What is expected:
Reproduce the lines below exactly. Skip images.

Data excerpt:
********************
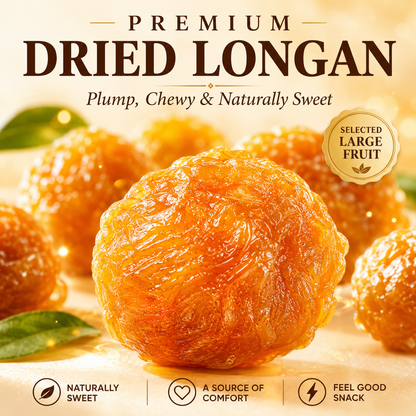 🌿 Seedless Dried Longan Pulp – Naturally Sun-Dried, Ready-to-Eat Herbal Snack for Tea, Soup & Qi-Blood Wellness Support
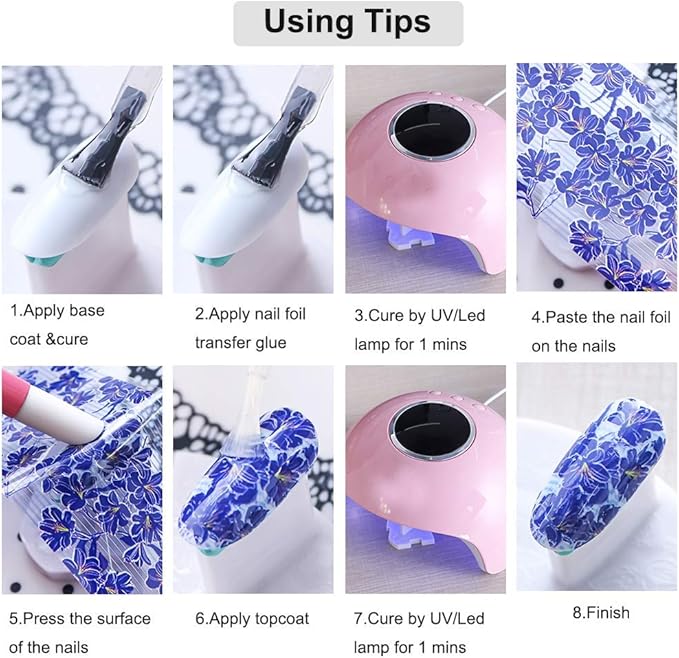 40 Rolls Starry Sky Nail Foil Adhesive Transfer Sticker Tips, EBANKU Nail Art Stickers Tips Wraps Foil Transfer Adhesive Glitters Acrylic DIY Decoration Kit(4 Boxes)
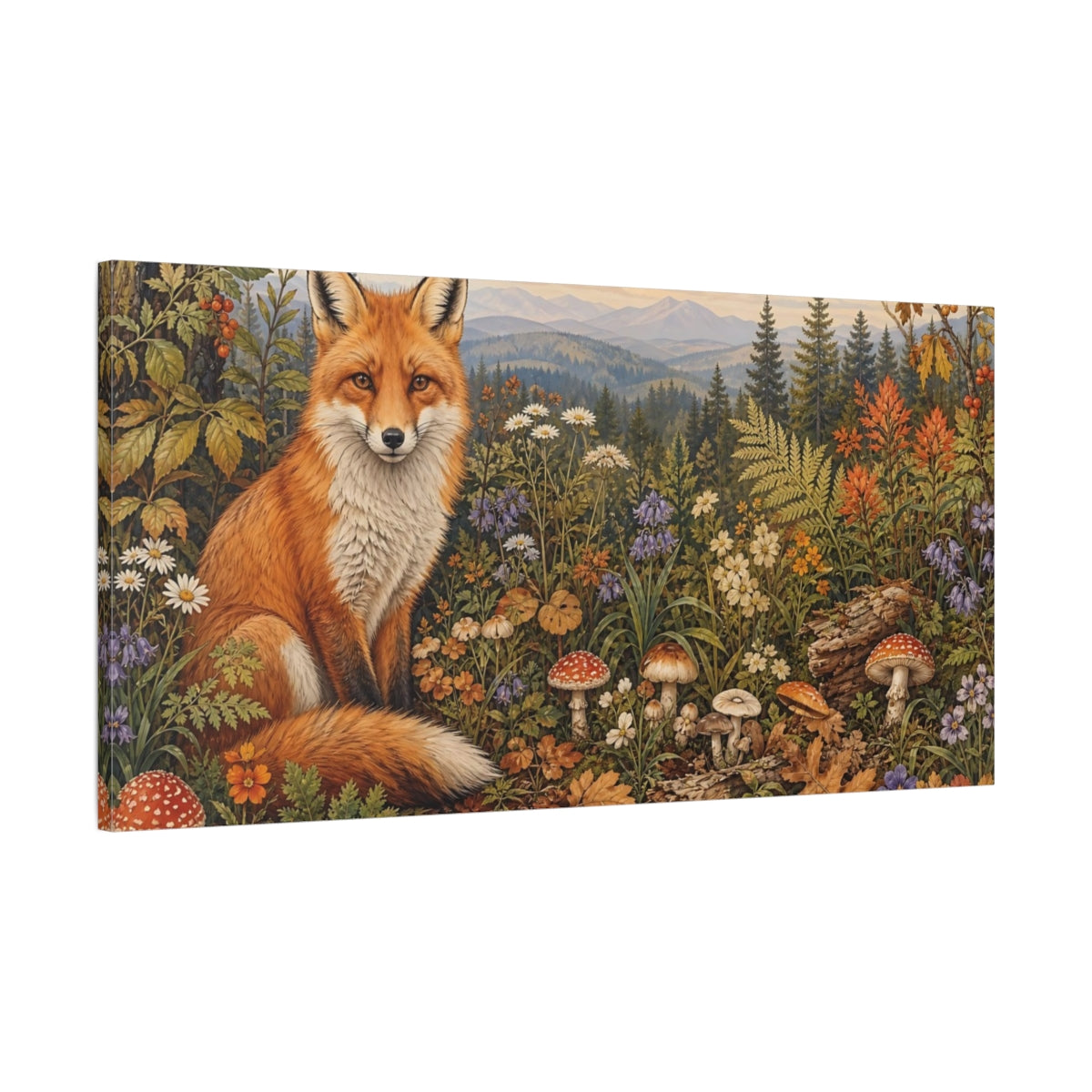 Main Mockup. Nature Fox Woodland Fox shown as stretched canvas wall art
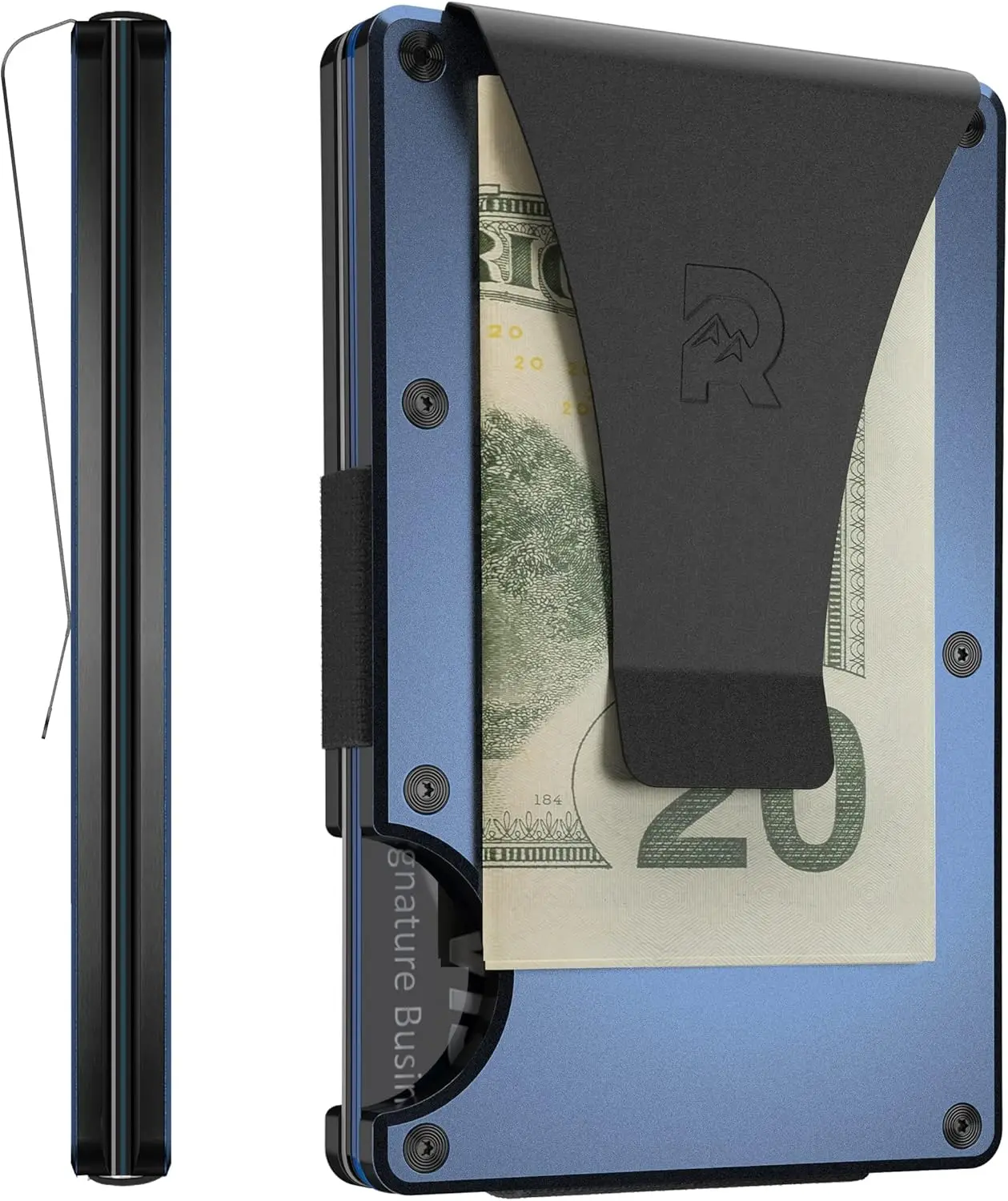 

Men's Slim Aluminum Wallet with RFID Blocking, Elastic Cash Strap & Money Clip for Front Pocket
********************
Output for this task:
 🌿 Seedless Dried Longan Pulp – Naturally Sun-Dried, Ready-to-Eat Herbal Snack for Tea, Soup & Qi-Blood Wellness Support
 40 Rolls Starry Sky Nail Foil Adhesive Transfer Sticker Tips, EBANKU Nail Art Stickers Tips Wraps Foil Transfer Adhesive Glitters Acrylic DIY Decoration Kit(4 Boxes)
 Main Mockup. Nature Fox Woodland Fox shown as stretched canvas wall art

Men's Slim Aluminum Wallet with RFID Blocking, Elastic Cash Strap & Money Clip for Front Pocket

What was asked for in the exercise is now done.